Data:
====
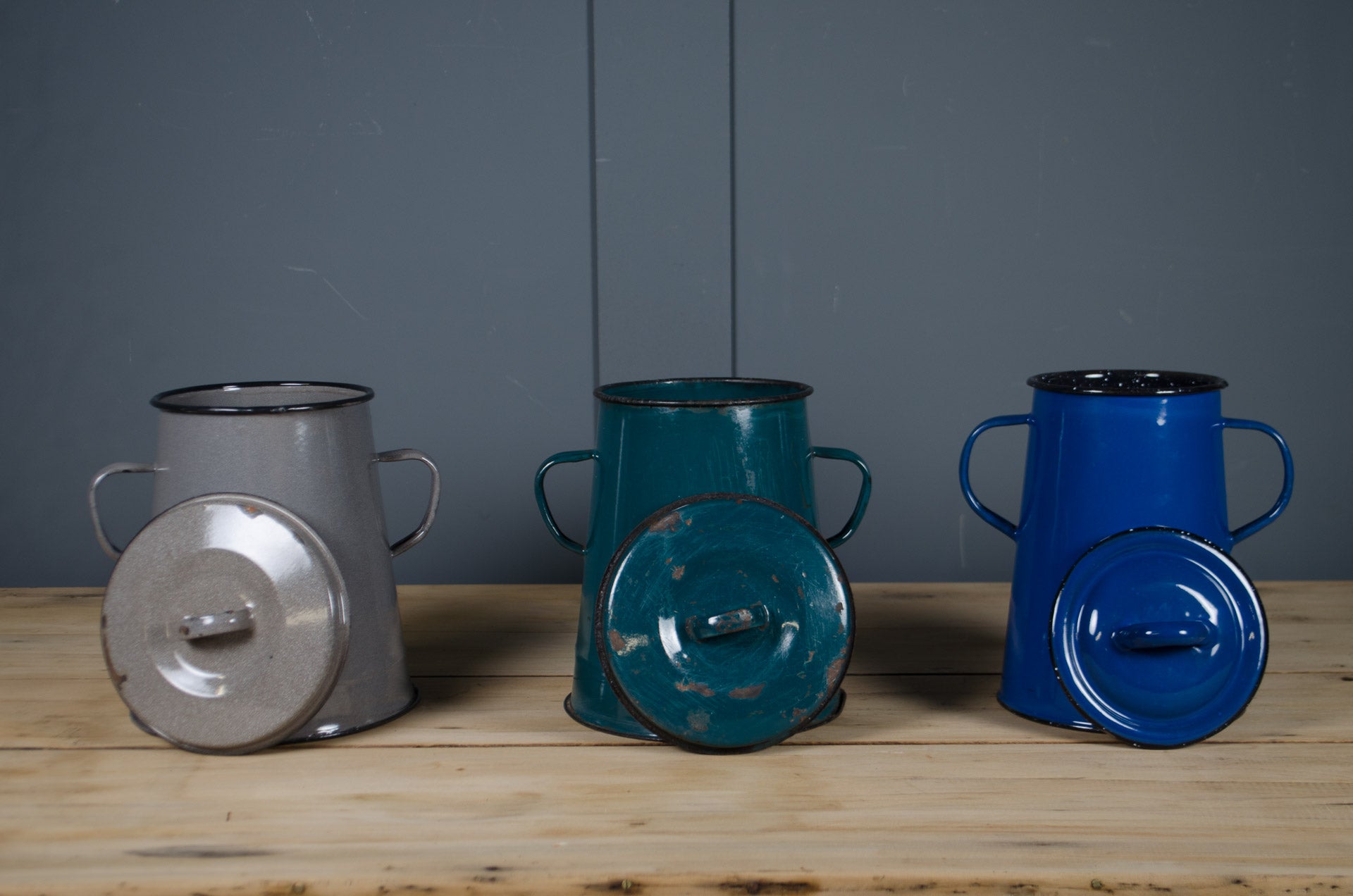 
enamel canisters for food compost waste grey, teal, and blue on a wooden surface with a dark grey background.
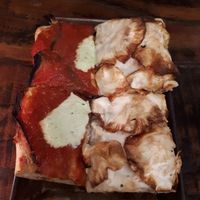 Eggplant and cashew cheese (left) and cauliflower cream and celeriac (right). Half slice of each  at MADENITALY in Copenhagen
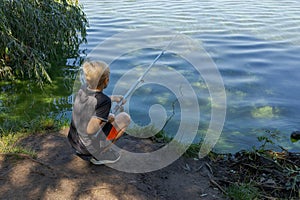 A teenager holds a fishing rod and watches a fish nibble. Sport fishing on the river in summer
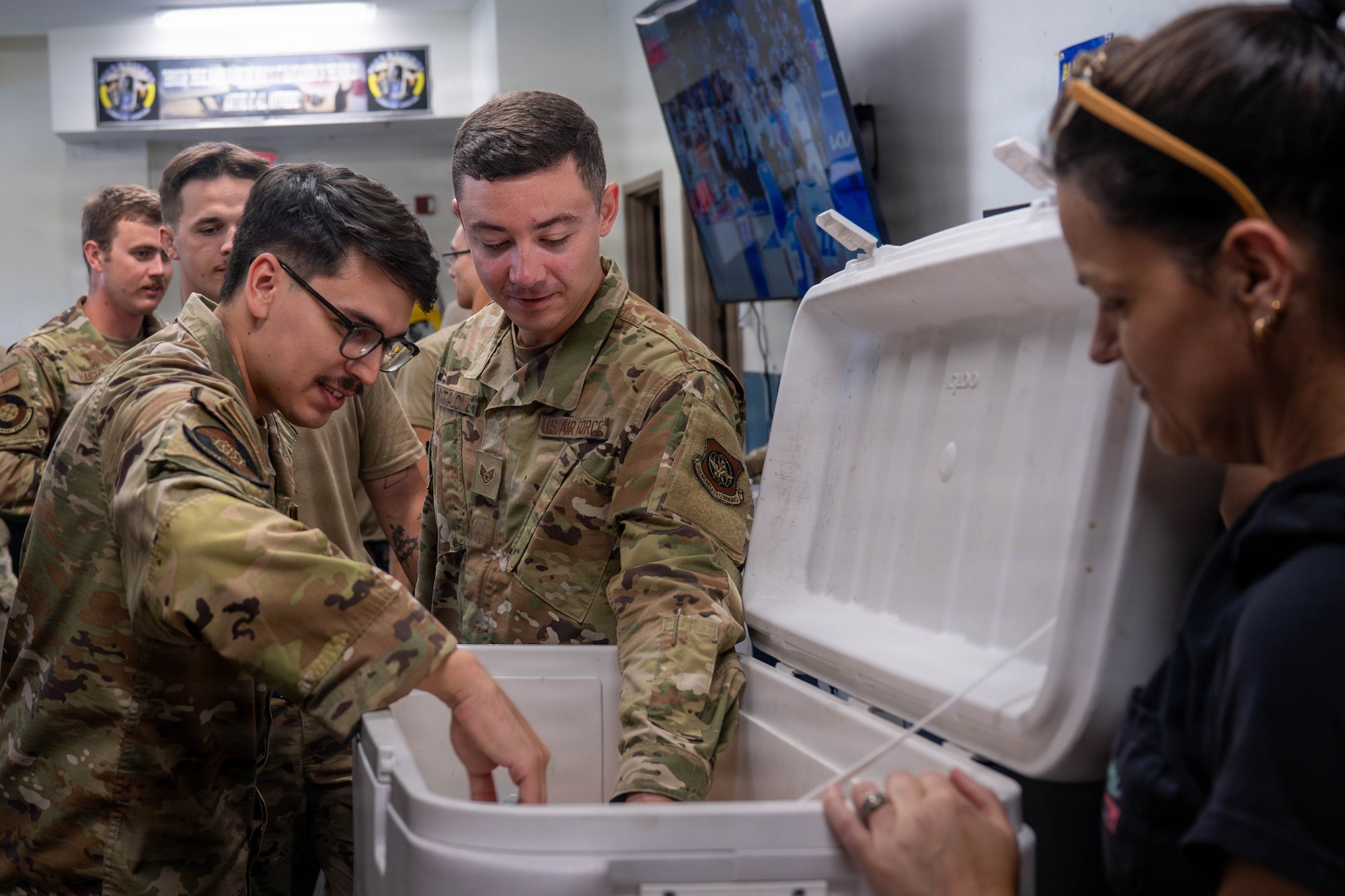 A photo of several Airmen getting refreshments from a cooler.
====
When you output the listing, reproduce it exactly but drop its pictures.

enamel canisters for food compost waste grey, teal, and blue on a wooden surface with a dark grey background.
 Eggplant and cashew cheese (left) and cauliflower cream and celeriac (right). Half slice of each  at MADENITALY in Copenhagen
 A teenager holds a fishing rod and watches a fish nibble. Sport fishing on the river in summer
 A photo of several Airmen getting refreshments from a cooler.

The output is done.